What you have to do: Would you write out the lines from the one containing "Flying Tomato White" to the end of the records below, exactly and in full, please?

Saved data entries
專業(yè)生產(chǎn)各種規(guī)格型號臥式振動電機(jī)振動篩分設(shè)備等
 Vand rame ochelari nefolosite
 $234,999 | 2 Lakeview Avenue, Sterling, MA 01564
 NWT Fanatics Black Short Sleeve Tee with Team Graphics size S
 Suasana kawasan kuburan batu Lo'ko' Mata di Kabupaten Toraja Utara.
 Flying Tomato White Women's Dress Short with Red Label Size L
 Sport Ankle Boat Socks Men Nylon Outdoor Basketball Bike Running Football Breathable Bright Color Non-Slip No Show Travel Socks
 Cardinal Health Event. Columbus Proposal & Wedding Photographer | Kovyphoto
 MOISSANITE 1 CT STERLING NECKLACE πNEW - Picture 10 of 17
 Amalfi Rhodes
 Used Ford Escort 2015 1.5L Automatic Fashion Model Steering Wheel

Response for this exercise:
 Flying Tomato White Women's Dress Short with Red Label Size L
 Sport Ankle Boat Socks Men Nylon Outdoor Basketball Bike Running Football Breathable Bright Color Non-Slip No Show Travel Socks
 Cardinal Health Event. Columbus Proposal & Wedding Photographer | Kovyphoto
 MOISSANITE 1 CT STERLING NECKLACE πNEW - Picture 10 of 17
 Amalfi Rhodes
 Used Ford Escort 2015 1.5L Automatic Fashion Model Steering Wheel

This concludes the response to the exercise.